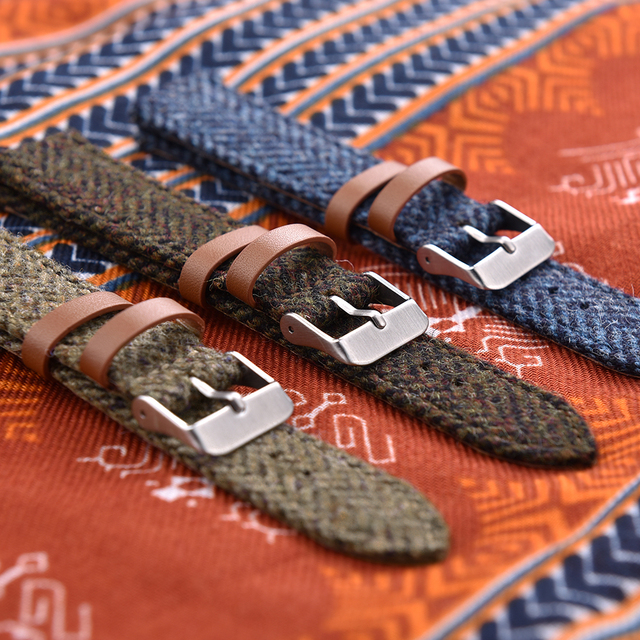 New Color Brown Tweed Quick Release Watch Strap 18mm 20mm 22mm Fabric Hybrid Nylon+Leather Watch Bands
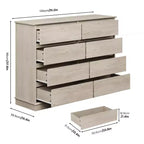 Commode à 8 tiroirs pour chambre à coucher, commode avec tiroirs profonds, grande commode double pour placard avec plateau large, commode horizontale en bois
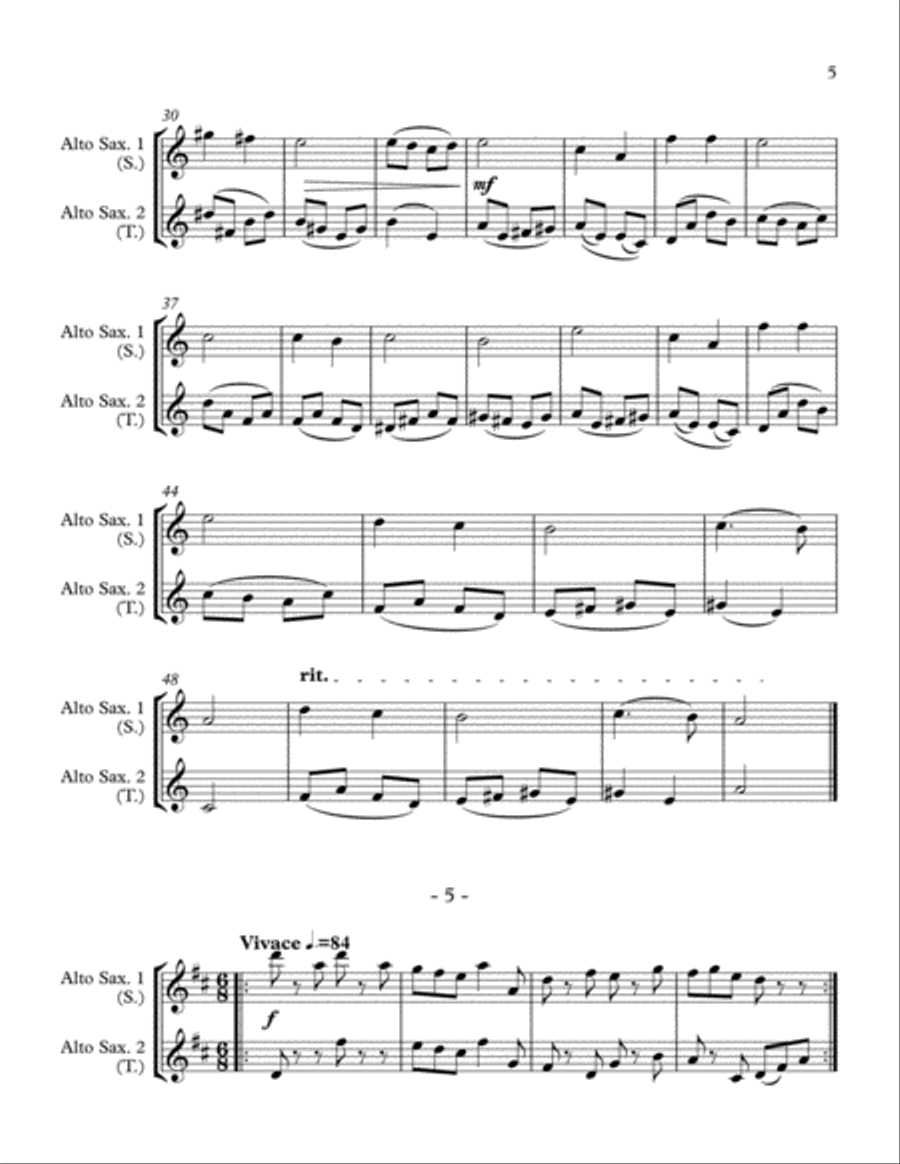 10 Little Duets for Teacher and Student (2 Alto Saxophones) Woodwind Duet scores gallery preview page 5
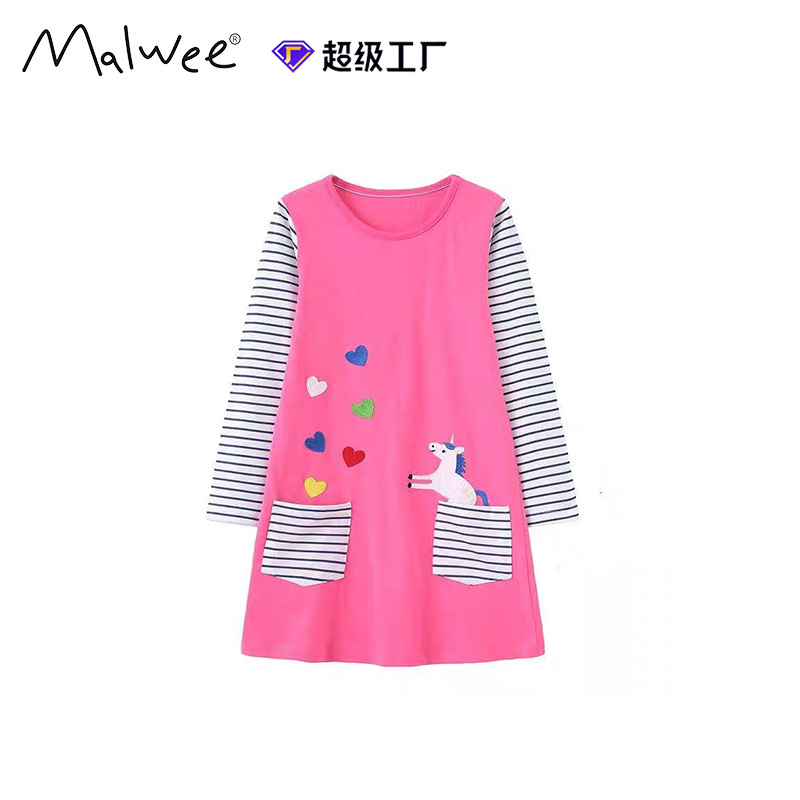 Vestido de niña otoño y invierno nuevo estilo europeo y americano rayas de manga larga vestido de princesa de cuello redondo casual ropa infantil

^^^^^^^^

Reproduce the material above in full and without alteration, but skip all pictures.

- **Task solution**
 New Color Brown Tweed Quick Release Watch Strap 18mm 20mm 22mm Fabric Hybrid Nylon+Leather Watch Bands
 Commode à 8 tiroirs pour chambre à coucher, commode avec tiroirs profonds, grande commode double pour placard avec plateau large, commode horizontale en bois
 10 Little Duets for Teacher and Student (2 Alto Saxophones) Woodwind Duet scores gallery preview page 5
 Vestido de niña otoño y invierno nuevo estilo europeo y americano rayas de manga larga vestido de princesa de cuello redondo casual ropa infantil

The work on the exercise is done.